Op zoek naar een bezield verband. Deel 2
(1981)–Jaap Goedegebuure– Auteursrechtelijk beschermd
[pagina 348]
| |
21
| |
Aan J. GreshoffSt. Romain 15-v-'40 Beste Jan, Ik denk dat de toestand waarin jullie je bevindt wel niet veel van de onze zal verschillen, en ik ga er dus maar niet te diep en gedetailleerd op in. Ik heb nog van niemand bericht, maar dat kan ook nog niet. Trouwens - hoe zullen die zijn? Ik word voortdurend geslingerd tusschen de meest tegenstrijdige gevoelens en verlangens, en telkens vraag ik mij af wat ik hier eig. doe, nu er in Holland geschoten wordt. Ik heb in Sept. geïnformeerd of ik vrijwilliger kon worden, maar dat ging niet voor een afgekeurde van 40 jaar; bovendien geen instructeurs genoeg; en iedereen zei, dat ik gek was, en dat mijn ‘taak’ op ander terrein lag etc. Maar in Jezus naam, als onze taal afgeschaft wordt? Met dat al ben ik, net als jullie natuurlijk, ontzettend somber, en ik vraag mij af, wat er van dit alles worden moet. | |
[pagina 349]
| |
Simon schreef een week geleden, dat je hem naar Z. Afrika wilde hebben. Mij ried je het destijds af. Wat denk je, zou er een levensmogelijkheid voor ons zijn. Je weet dat wij zuinig kunnen leven. Schrijf hier vooral over, eenigszins concreet en niet te kort, zoodat ik er eenig houvast aan heb. Want als het op een Duitsche overwinning uitloopt en het uit is met Nederland, zie ik niet veel anders dan Z. Afrika, want Indië is dan natuurlijk ook niets meer. Of zouden er genoeg Hollandsche emigranten kolonies ontstaan b.v. in Amerika om als schrijver daar te bestaan? Ik denk dat jullie ook wel verschikkelijk in de knoei zullen zitten over familie en vrienden. Ik vind er iets ontzettend rots in, dat je je van Finland en Noorwegen toch minder aantrok. Of is dat ‘menschelijk’? Het is er infaam genoeg voor.

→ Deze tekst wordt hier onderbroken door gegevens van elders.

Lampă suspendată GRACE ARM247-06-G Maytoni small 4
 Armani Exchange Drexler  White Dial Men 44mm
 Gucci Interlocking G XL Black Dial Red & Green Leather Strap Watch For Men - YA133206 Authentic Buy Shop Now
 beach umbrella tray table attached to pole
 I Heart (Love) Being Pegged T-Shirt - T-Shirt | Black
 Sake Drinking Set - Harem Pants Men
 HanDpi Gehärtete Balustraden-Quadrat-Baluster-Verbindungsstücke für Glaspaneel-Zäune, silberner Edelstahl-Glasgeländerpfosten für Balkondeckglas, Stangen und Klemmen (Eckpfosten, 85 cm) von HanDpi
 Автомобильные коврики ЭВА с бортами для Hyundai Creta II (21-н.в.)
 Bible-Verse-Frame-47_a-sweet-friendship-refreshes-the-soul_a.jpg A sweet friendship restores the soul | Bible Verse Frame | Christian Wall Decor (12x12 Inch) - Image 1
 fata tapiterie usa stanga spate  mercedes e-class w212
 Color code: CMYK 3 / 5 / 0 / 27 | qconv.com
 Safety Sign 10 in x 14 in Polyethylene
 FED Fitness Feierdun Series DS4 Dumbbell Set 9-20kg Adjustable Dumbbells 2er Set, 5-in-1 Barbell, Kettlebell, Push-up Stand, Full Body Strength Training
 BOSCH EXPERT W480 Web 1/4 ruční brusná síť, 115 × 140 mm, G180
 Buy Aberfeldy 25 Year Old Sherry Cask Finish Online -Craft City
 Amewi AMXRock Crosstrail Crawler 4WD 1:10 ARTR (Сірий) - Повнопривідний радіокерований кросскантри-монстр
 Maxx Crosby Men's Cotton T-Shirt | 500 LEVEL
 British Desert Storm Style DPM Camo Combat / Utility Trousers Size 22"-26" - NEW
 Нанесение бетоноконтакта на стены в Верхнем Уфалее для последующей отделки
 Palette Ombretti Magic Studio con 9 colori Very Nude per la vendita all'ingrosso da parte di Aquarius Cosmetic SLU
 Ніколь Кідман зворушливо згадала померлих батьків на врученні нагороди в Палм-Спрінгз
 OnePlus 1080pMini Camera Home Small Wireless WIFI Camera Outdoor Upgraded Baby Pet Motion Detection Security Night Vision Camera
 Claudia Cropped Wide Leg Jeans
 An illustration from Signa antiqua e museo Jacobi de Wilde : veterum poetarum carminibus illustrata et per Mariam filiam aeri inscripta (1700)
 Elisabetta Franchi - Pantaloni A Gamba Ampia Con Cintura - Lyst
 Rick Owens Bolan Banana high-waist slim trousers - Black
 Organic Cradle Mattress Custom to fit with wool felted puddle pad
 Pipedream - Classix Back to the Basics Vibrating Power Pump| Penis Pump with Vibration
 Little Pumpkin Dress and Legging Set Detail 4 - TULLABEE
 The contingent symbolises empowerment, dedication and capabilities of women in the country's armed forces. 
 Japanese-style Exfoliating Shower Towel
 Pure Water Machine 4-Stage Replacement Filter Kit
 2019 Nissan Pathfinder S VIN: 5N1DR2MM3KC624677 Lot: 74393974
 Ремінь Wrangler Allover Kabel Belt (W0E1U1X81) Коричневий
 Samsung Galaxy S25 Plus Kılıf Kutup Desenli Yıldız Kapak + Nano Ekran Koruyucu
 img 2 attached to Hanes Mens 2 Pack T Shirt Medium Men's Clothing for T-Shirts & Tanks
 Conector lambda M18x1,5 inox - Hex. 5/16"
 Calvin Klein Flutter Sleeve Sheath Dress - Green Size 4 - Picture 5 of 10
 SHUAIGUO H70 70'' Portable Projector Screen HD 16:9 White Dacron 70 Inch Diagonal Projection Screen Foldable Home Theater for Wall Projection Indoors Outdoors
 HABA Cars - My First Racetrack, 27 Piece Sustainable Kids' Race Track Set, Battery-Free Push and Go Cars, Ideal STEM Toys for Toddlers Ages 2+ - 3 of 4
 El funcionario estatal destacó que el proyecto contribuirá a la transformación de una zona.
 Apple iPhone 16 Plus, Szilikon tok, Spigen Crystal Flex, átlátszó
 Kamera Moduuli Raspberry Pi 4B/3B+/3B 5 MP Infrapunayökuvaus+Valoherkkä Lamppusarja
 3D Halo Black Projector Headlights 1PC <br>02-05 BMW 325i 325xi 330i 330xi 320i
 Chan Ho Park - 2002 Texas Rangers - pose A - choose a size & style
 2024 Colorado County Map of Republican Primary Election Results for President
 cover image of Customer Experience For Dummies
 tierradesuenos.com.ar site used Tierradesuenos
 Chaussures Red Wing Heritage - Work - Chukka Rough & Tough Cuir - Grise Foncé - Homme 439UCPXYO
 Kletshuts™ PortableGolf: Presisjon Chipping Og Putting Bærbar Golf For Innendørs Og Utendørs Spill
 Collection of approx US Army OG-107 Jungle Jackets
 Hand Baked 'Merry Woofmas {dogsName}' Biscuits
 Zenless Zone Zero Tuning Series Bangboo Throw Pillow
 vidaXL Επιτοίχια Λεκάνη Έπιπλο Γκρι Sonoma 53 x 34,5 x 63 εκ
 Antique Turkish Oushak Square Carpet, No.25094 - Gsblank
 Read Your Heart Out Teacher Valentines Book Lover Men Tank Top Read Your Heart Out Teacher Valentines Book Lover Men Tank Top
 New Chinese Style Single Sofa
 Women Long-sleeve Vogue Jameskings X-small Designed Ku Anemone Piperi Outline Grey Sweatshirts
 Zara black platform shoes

Eddie en Simon schreven al erg in mineur, ten gevolge van het echec in Noorwegen, maar overigens was E zeer ingenomen met zijn nieuwe Bergensche huis. De arme bliksems, wie weet waar ze vannacht moeten slapen, als ze nog in leven zijn, allemaal. Mijn vader zal wel niet meer te transporteeren zijn. Hier komen nu dagelijks op auto's, fietsen en camions geladen Luxemburgsche en ook Belgische vluchtelingen voorbij. Een onzettend treurig gezicht. Ik heb aan het consulaat in Parijs geschreven dat ik mij beschikbaar stelde voor alle werkzaamheden die binnen mijn vermogen liggen, maar ik heb nog geen antwoord (kan ook nog niet). Nu beste menschen, houdt je goed en laat spoedig iets hooren, ook over de mogelijkheden in Z. Afrika, als die er zijn. Met heel veel goeds en hartelijks je H.
Wij zijn niet naar Bogève gegaan, nu de houding van Italië weer zoo ‘dubbelzinnig’ is.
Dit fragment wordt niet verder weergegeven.